- _ABOUT THIS TASK_
When you reach the line containing "girls purple running socks" in the entries below, start writing out each line exactly, and stop after the line containing "6 stlye, фламинго, женская".

- _DATA SUPPLIED_
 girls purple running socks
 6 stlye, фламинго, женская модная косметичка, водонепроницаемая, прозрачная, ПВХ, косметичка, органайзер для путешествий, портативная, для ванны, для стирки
...
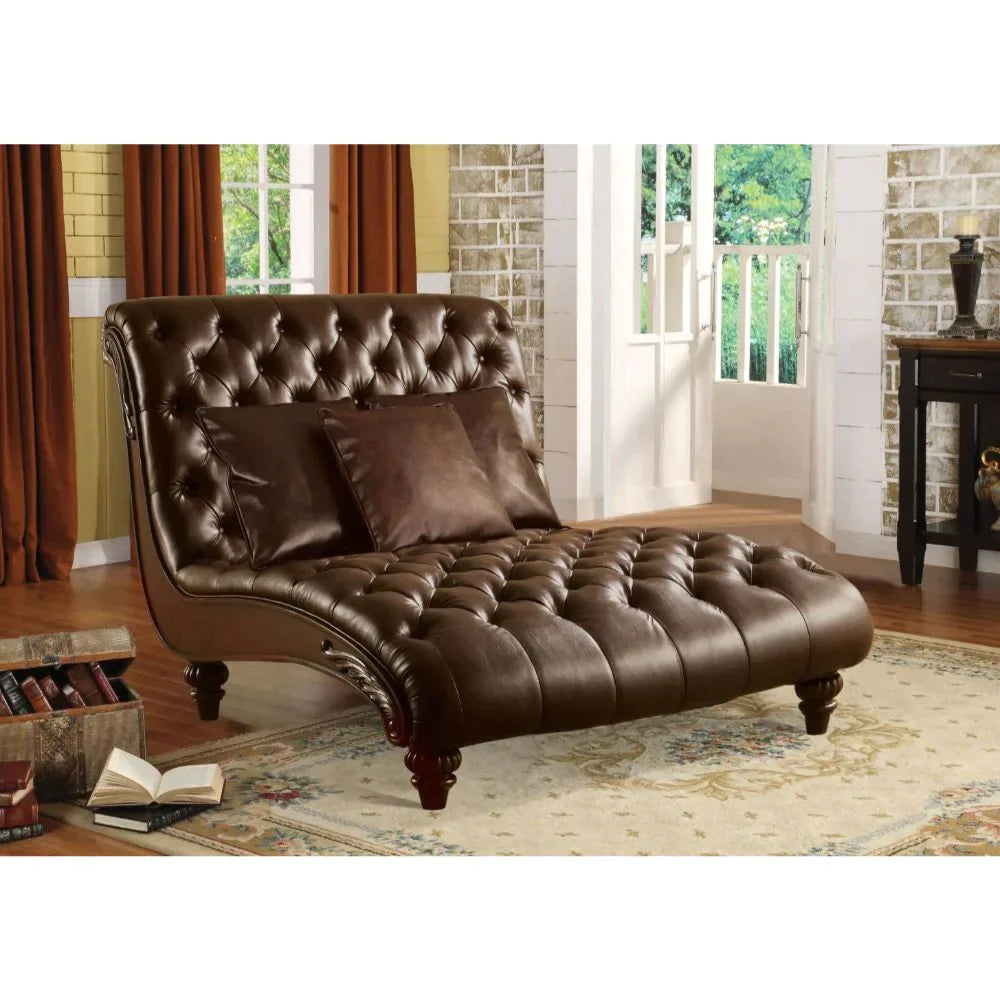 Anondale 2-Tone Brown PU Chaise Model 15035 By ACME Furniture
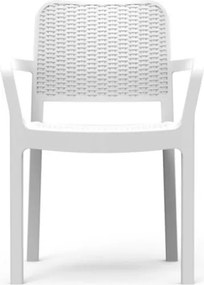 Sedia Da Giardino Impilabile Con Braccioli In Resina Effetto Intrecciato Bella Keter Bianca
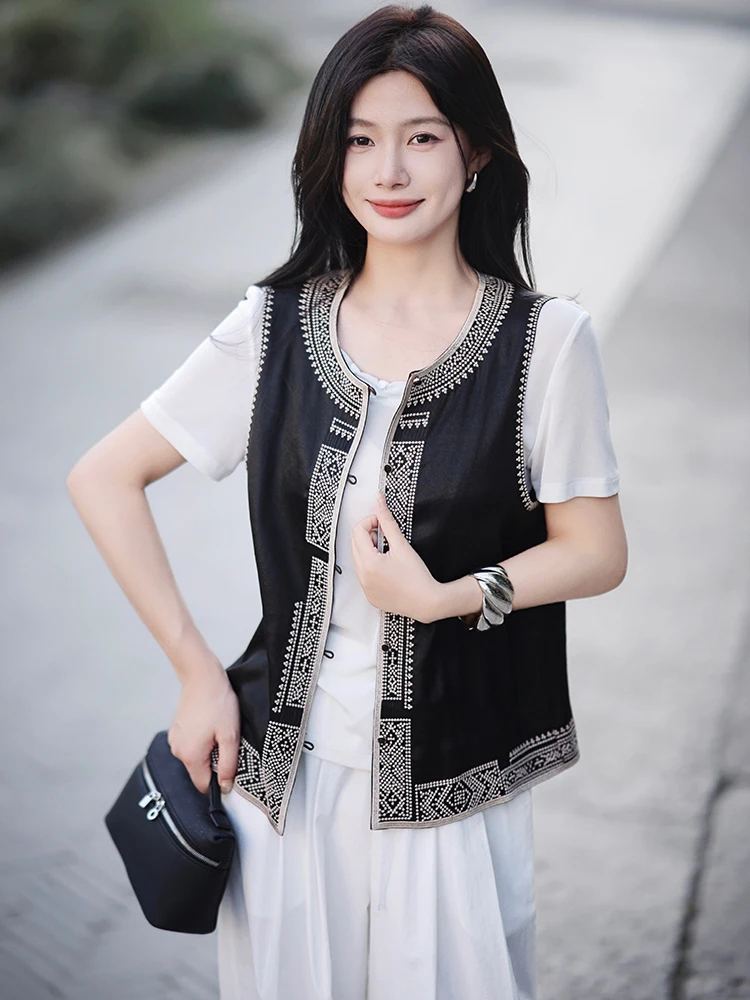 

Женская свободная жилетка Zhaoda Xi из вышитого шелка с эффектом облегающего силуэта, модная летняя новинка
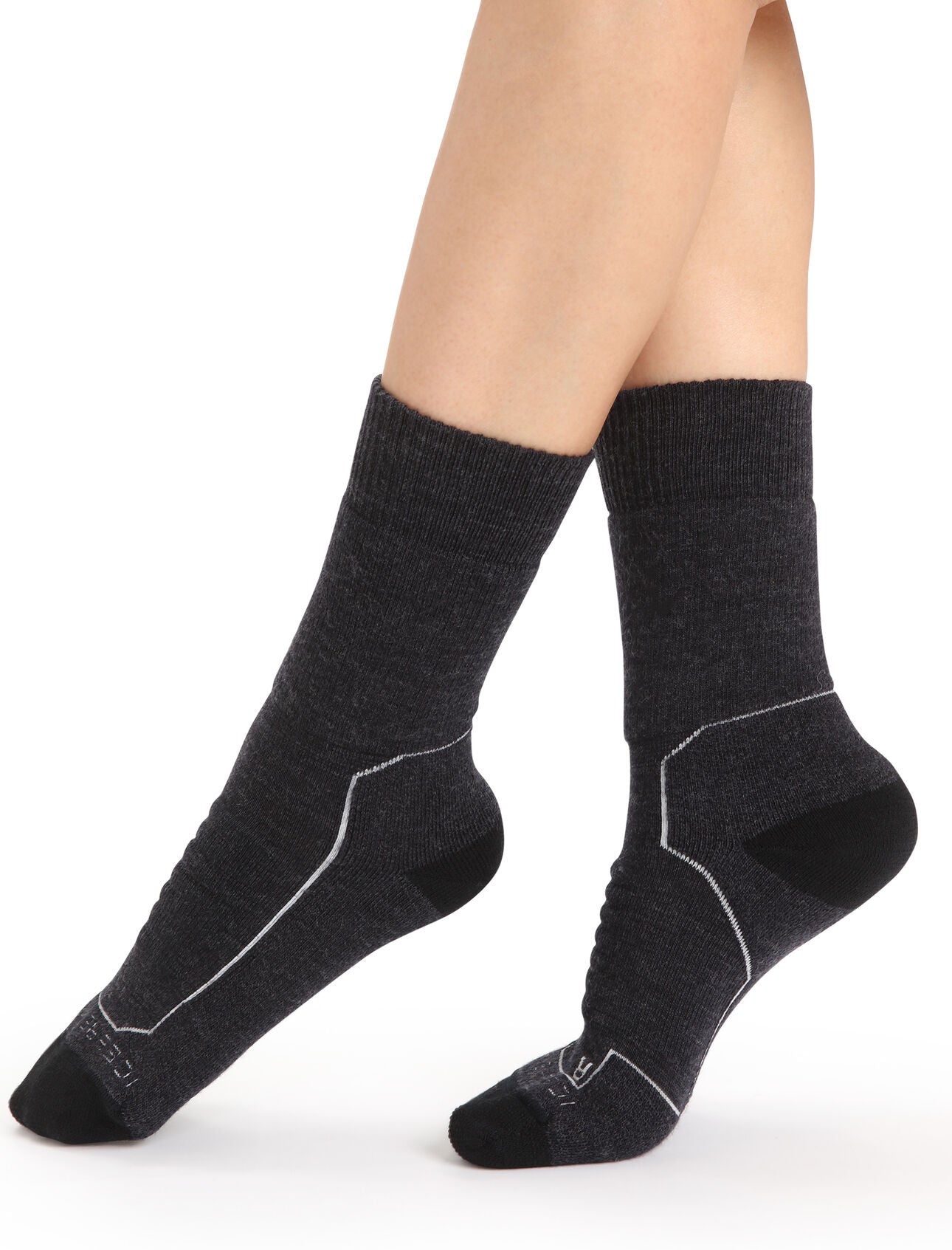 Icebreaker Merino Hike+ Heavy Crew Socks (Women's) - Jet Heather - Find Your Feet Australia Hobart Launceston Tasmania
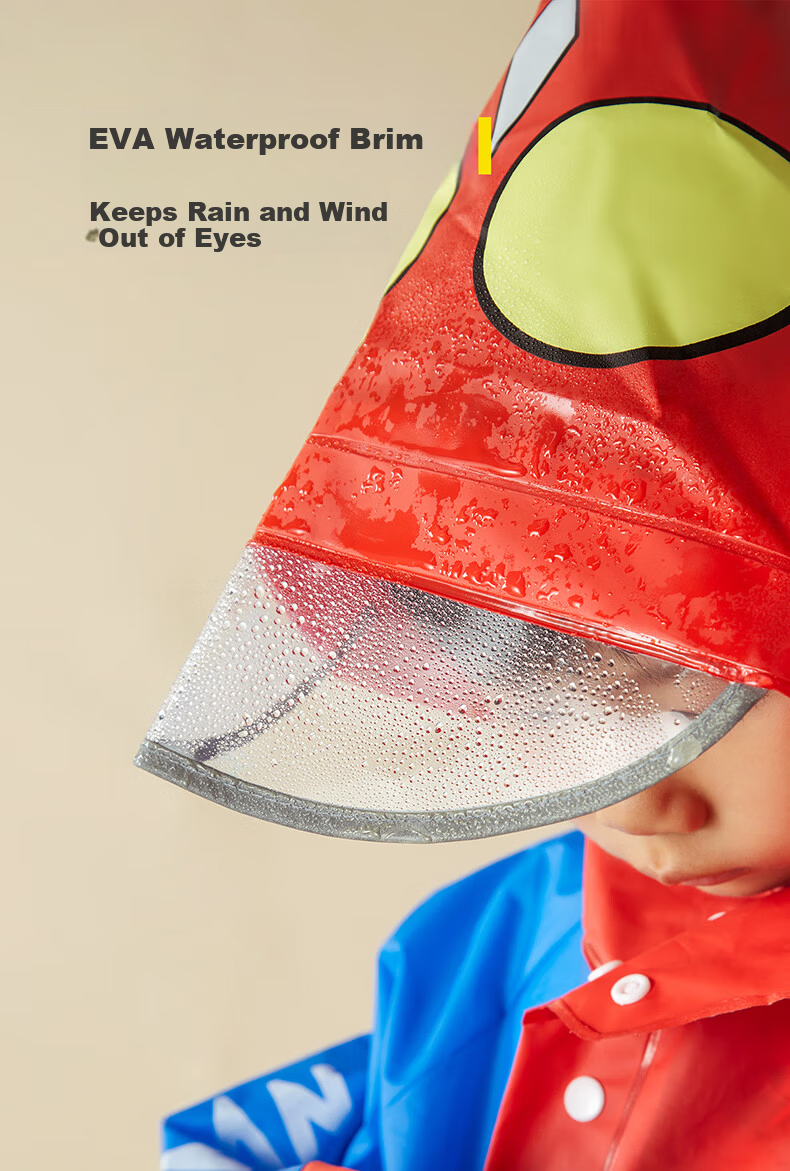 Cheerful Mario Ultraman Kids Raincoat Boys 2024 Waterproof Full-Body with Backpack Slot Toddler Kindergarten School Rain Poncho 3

- _RESPONSE TO THIS EXERCISE_
 girls purple running socks
 6 stlye, фламинго, женская модная косметичка, водонепроницаемая, прозрачная, ПВХ, косметичка, органайзер для путешествий, портативная, для ванны, для стирки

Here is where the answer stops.